[Extracted information]:
_ _ _ _ _

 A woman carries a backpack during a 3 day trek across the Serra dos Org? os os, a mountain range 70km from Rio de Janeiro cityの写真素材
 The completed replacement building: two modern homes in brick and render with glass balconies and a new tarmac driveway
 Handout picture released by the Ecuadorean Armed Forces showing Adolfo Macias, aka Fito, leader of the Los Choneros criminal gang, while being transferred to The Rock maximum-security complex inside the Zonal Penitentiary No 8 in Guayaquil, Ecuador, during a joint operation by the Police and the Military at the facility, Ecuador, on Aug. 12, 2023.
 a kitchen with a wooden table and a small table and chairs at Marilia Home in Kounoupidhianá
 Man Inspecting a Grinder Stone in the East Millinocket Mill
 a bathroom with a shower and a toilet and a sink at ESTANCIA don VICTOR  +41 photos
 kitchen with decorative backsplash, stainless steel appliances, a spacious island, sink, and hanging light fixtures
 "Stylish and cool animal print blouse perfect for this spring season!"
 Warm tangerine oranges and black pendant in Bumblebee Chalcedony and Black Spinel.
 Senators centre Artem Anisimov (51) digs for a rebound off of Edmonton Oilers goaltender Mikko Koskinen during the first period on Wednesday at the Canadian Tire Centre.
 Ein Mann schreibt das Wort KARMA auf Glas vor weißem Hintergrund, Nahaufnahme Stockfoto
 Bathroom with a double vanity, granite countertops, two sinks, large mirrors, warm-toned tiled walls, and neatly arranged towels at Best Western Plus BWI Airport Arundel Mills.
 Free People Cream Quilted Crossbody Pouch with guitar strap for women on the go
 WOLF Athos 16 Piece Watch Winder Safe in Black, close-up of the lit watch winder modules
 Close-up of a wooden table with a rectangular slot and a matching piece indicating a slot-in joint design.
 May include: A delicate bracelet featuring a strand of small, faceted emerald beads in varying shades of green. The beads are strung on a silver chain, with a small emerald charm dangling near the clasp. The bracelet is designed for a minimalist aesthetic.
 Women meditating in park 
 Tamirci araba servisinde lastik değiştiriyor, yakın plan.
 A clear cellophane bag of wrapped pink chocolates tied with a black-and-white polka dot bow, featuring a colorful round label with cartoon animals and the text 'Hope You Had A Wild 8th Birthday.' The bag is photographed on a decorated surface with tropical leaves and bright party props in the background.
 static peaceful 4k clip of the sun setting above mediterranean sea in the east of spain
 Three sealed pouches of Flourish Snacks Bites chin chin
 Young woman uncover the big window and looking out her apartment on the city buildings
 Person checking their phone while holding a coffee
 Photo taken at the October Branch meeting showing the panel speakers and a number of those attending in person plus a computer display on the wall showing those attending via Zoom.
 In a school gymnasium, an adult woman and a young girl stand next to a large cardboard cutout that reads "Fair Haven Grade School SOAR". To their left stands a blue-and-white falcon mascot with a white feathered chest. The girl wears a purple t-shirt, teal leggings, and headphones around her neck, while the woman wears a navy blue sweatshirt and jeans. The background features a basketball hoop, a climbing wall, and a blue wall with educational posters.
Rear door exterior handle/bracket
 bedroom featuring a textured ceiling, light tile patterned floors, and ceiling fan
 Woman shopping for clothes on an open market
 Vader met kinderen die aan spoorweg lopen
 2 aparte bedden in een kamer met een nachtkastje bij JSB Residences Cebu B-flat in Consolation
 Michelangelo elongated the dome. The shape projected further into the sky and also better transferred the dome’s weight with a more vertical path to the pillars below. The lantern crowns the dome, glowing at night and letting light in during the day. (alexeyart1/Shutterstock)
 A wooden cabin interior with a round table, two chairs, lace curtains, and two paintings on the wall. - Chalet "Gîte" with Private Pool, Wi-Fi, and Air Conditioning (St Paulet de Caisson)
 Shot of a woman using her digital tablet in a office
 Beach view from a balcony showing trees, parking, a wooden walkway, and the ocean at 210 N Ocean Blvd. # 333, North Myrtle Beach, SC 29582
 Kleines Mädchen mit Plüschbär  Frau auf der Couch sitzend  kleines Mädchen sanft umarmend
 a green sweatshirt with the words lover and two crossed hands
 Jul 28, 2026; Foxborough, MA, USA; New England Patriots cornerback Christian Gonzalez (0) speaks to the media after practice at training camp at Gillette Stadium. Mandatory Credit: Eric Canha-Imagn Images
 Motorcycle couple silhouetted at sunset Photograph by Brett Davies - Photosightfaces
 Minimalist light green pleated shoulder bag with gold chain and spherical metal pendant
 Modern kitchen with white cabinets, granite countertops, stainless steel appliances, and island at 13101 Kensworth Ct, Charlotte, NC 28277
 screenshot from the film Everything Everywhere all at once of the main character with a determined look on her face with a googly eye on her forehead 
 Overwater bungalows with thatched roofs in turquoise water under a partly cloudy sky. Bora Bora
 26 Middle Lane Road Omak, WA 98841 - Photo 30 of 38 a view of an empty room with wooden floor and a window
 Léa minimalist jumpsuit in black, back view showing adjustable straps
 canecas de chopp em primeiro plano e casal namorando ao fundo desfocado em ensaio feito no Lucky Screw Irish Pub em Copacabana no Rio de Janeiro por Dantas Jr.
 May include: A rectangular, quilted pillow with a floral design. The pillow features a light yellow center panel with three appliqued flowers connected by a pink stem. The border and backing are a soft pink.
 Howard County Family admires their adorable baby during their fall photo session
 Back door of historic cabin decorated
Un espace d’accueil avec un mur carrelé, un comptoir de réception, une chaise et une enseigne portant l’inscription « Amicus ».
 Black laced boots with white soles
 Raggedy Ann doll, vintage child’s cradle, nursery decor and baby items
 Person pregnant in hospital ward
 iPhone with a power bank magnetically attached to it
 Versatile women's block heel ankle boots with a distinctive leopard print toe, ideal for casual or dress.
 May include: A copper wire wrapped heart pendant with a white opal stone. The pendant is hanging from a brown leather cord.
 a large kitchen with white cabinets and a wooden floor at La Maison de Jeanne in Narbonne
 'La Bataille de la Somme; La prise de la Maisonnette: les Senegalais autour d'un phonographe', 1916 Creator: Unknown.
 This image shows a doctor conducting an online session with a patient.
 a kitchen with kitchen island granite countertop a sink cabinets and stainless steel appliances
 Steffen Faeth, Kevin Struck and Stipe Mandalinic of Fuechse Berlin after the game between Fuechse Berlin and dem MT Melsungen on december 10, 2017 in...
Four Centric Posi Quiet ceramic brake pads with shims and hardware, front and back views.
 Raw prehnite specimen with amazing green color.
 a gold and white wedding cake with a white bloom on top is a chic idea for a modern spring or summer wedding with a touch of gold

_ _ _ _ _

[Task statement]:
The required answer is the run of lines above, starting at the line with "Shot of a woman" and ending at the line with "Léa minimalist jumpsuit", reproduced exactly with both ends.

[Solution]:
 Shot of a woman using her digital tablet in a office
 Beach view from a balcony showing trees, parking, a wooden walkway, and the ocean at 210 N Ocean Blvd. # 333, North Myrtle Beach, SC 29582
 Kleines Mädchen mit Plüschbär  Frau auf der Couch sitzend  kleines Mädchen sanft umarmend
 a green sweatshirt with the words lover and two crossed hands
 Jul 28, 2026; Foxborough, MA, USA; New England Patriots cornerback Christian Gonzalez (0) speaks to the media after practice at training camp at Gillette Stadium. Mandatory Credit: Eric Canha-Imagn Images
 Motorcycle couple silhouetted at sunset Photograph by Brett Davies - Photosightfaces
 Minimalist light green pleated shoulder bag with gold chain and spherical metal pendant
 Modern kitchen with white cabinets, granite countertops, stainless steel appliances, and island at 13101 Kensworth Ct, Charlotte, NC 28277
 screenshot from the film Everything Everywhere all at once of the main character with a determined look on her face with a googly eye on her forehead 
 Overwater bungalows with thatched roofs in turquoise water under a partly cloudy sky. Bora Bora
 26 Middle Lane Road Omak, WA 98841 - Photo 30 of 38 a view of an empty room with wooden floor and a window
 Léa minimalist jumpsuit in black, back view showing adjustable straps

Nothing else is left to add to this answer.